Sizlere Afrika’dan selam ediyorum. Bizi tanıyanlar, yakinen bilenler iyi bilirler. Yıllardır Afrika’dayız. Afrika’daki bu masum ve mazlum insanların yanında olmaya çalışıyoruz. Masum diyorum çünkü kapitalizm Afrika’nın birçok yerine tam anlamıyla girmiş değil, dolayısıyla kirlenmemişler bu anlamda. Mazlum diyorum çünkü bütün dünya biliyor bunu artık batıda zalim olan batıda bunu artık biliyor. Tarih boyunca bu kıta en çok zulme uğrayan bölgelerden bir tanesi olmuş. Üç yüz milyonun üzerinde insanın sadece son üç asırda katledildiği söyleniyor bu coğrafyada. Bizim araştırmalarımız daha bunun daha fazla olduğu yönünde bize bilgiler veriyor.

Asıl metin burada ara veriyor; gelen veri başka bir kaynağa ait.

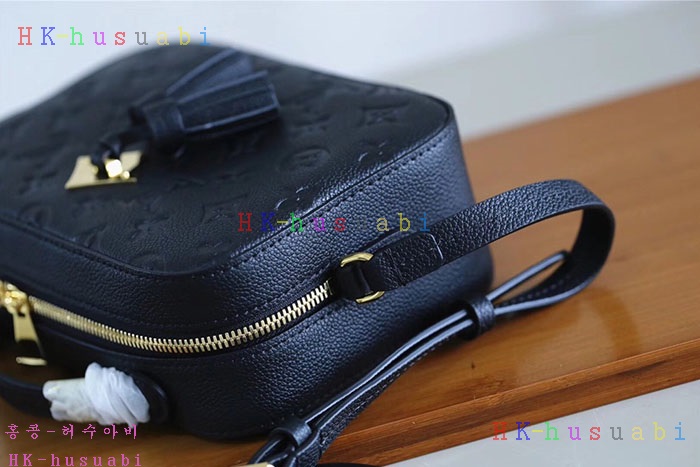 �ڹ̷��ޡڷ��̺��� ������ M44593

Bu itibarla gerçekten mazlum bir kıta yani bu insanlarda medeniyet skalasında maddi ölçüler çerçevesinde çok iyi yerlerde olabilirdi ama maalesef bir şekilde tenlerinin rengi bahane edilerek, şekilleri şemaları bahane edilerek bence çok güzel bir ırk, bence cenabı hakkın sanatını bütün insanlık için konuşturduğu sanatını bu insanlarda da konuşturduğu bir ırk. Bu böyle güzeldir Afrika insanı. Çocukların yüzleri böyle maşallah baktığınızda yanaklarını ısırasınız gelir bebeklerin. Cenabı hak övmüşte yaratmış. Aynı biz Türkleri Avrupalı’ları nasıl yarattıysa bütün kaainattaki herşeyi nasıl özenerek yarattıysa,Cenabı hakta bu kıtadaki insanları hayvanları herşeyi özenerek yaratmış. O anlamda da haksızlık yapılmış bir kıta maalesef renkleri siyah denmiş, adeta hayvanlara maymunlara benzetilmiş ve Avrupalı’lar onlara bu yaklaşımla yaklaşıp ellerinde ne varsa avuçlarında ne varsa topraklarının altında ne varsa almışlar.
Benim asıl mesajım bayramla ilgili. Bayramla ilgili birkaç şey geliyor aklıma hep diyorum bunu kayda alsam dediğim şeyler oluyor sizlerle paylaşmak istiyorum. Bildiğiniz gibi Türkiye’de bayram deyince akla sevinç, neşe, çocuklar için bol harçlık toplama, büyükler için Ramazan-ı Şerif’in ardından rahatlama, kurbansa eğer kurbanını kesip bulabiliyorsa fakir yada ihtiyaç sahibi kardeşlerimize kurbanın hepsini veya bir kısmını verme paylaşma. Güzel giyinme Türkiye’de bayram deyince de akla gelir. Ondan sonra eş dost ziyaretleri bazen şehir dışına gideriz. Annelerimizi babalarımızı akrabalarımızı büyüklerimizi ziyaret ederiz. Ben 15-20 senedir neredeyse Türkiye’de hiç bayram yapmadım. Bizim çocukluğumuzda yaptığımız gibi kapı kapı dolaşma büyüklerin ellerini öpme onlardan rıza alma onların gönlünü hoş etme ve büyüklerde varsa eğer kırgınlıklar hoşnutsuzluklar bunları affetme gibi durumlar oluyor mu? Hala var mı bunlar bilmiyorum ama sanmıyorum bizim çocukluğumuzdaki veya eski zamanlardaki gibi bayramlar yok. Türkiye’de bayram deyince bunlar aklıma geliyor.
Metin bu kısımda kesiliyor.